Consumer prices for products ranging from clothing to gasoline could increase by nearly 1/3 under a proposal to tax imports included in a report submitted to Treasury Secretary John Snow recently by the President’s Advisory Panel on Federal Tax Reform, the National Retail Federation (NRF) said. NRF urged Snow, President Bush and Congress to reject the proposal.
“This proposal amounts to a huge new tax increase for American consumers that would dramatically drive up the price of everyday necessities,” NRF President and CEO Tracy Mullin said. “The Advisory Panel seems to have forgotten that the majority of consumer products sold in U.S. stores are made overseas. We’re talking about everything from underwear to gas for our cars and virtually all of the toys that go under the tree during the holidays. If the prices of those products jump by a third, consumer spending is going to go into a tailspin and take a lot of jobs along with it. Much of the Advisory Panel’s report would bring us the simplification that our tax code so badly needs. We should focus on adopting those aspects and not on provisions that drive up costs for consumers.”

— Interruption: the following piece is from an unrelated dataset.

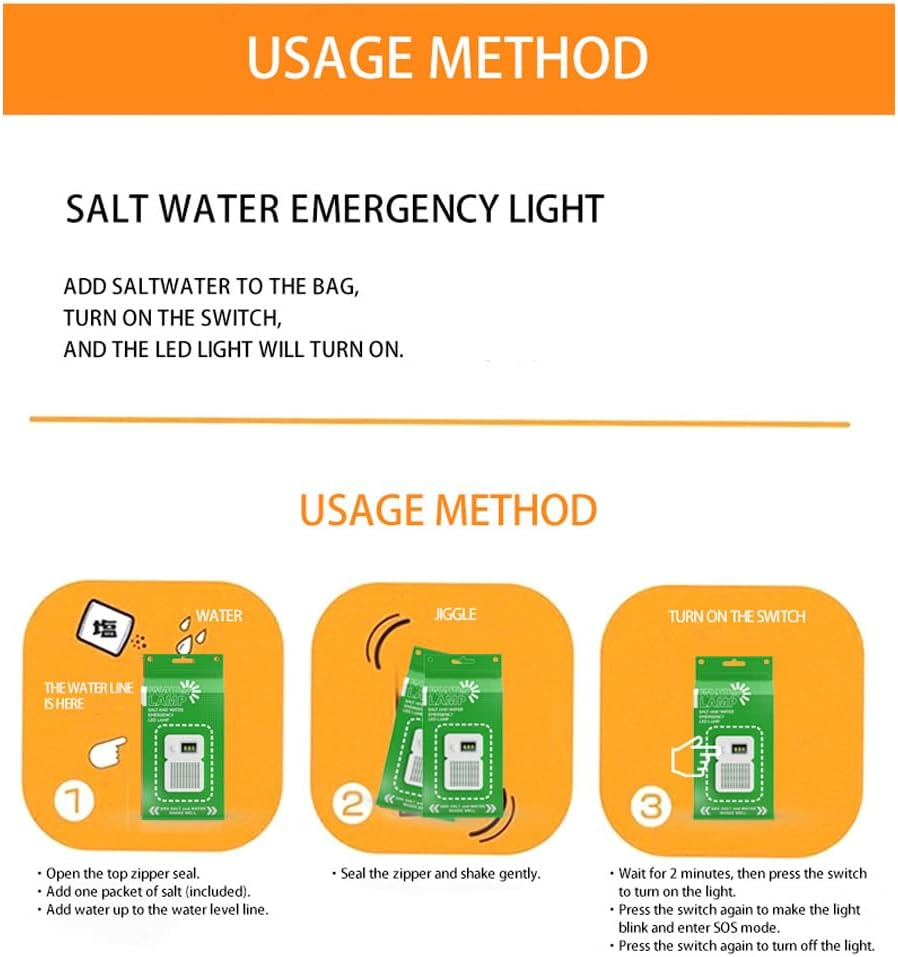 Portable Salt Water LED Lamp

“This new import tax goes far beyond retail,” Mullin said. “This is going to have a huge impact on manufacturers who rely on raw materials from overseas. And with gasoline prices already out of control, it’s unfathomable that our government would want to impose a new tax on the imported oil that fuels our cars and trucks and heats our homes and businesses. If this is tax reform, Americans can’t afford it.”

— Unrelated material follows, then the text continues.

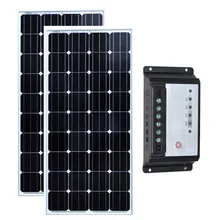 2 Pcs 12v 150w Panneau Solaire Charge Batteries Solaire Chargeur Kit Solar Panel 300W Solar Battery Charger 12v/24v 20A PWM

“With attention focused on cutbacks in the home mortgage interest deduction and state and local tax deductions, the proposed new import tax has largely been ignored,” Mullin said. “It’s important for the Administration, Congress and the public to realize that this overlooked piece of corporate tax language could take billions of dollars out of the pockets of everyday working Americans. This provision of the Advisory Panel’s recommendation cannot be allowed to become law.”

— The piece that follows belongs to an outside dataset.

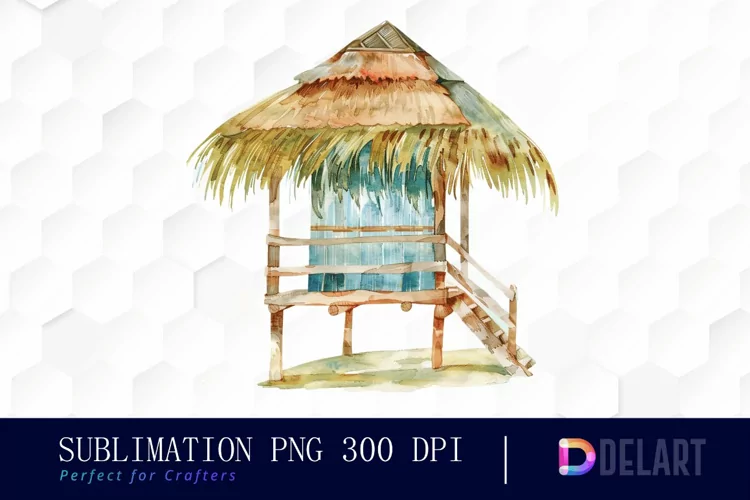 Tiki Hut Graphics Clipart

Wrapping up close to a year of hearings and debate, the Advisory Panel recently submitted its final report to Snow, who will, in turn, make recommendations to Bush that could eventually be presented to Congress.
The report endorses two sweeping tax reform options, including a “Simplified Income Tax Plan” that would refine the current income tax system, and a “Growth and Investment Tax Plan” that would turn the income tax system into more of a consumption tax system. Under the Growth and Investment Tax Plan, the corporate income tax deduction for all imports, including consumer goods, raw materials and other items, would be eliminated, thereby increasing importers’ tax bills.
A total of $648 billion in general merchandise consumer goods was imported into the United States during 2004, according to U.S. Census Bureau statistics. At the 32-percent corporate rate proposed under the Growth and Investment Tax Plan, NRF calculates that the figure would result in $207 billion in new taxes that importers would be forced to pass on to consumers. Relatively few consumer goods are manufactured at competitive prices or in commercial quantities in the United States, so retailers can’t easily shift to domestic products to avoid the tax.
Economists on the Advisory Panel said last month that floating exchange rates would compensate for the loss of the deduction. But NRF is concerned that such an adjustment could take a long period of time to achieve, and many countries in Asia, Latin America and the Middle East — all regions that are major sources of imports — do not have floating currencies. In addition, the price of imported oil would not get the exchange rate offset because the global price of oil is denominated in U.S. dollars. As a result, gasoline and home heating oil would face large price increases.
NRF also believes elimination of the deduction would be a violation of World Trade Organization (WTO) rules on national treatment and could expose billions of dollars worth of U.S. exports to WTO-sanctioned trade retaliation.
NRF wrote to Bush on October 20, urging that he reject the import tax proposal; the federation will continue to lobby against the plan with both the Administration and Congress.
The panel rejected a controversial proposal to replace the income tax system with a National Retail Sales Tax (NRST), which the Treasury Department said could have required a tax rate as high as 84 percent, stated the NFF. NRF argued that the NRST would prove devastating for consumer spending and the nation’s economy, and the Advisory Panel agreed with NRF’s arguments that the tax would be highly regressive and require too high a rate. The panel also rejected an add-on Value Added Tax, which NRF said would also have a chilling effect on consumer spending.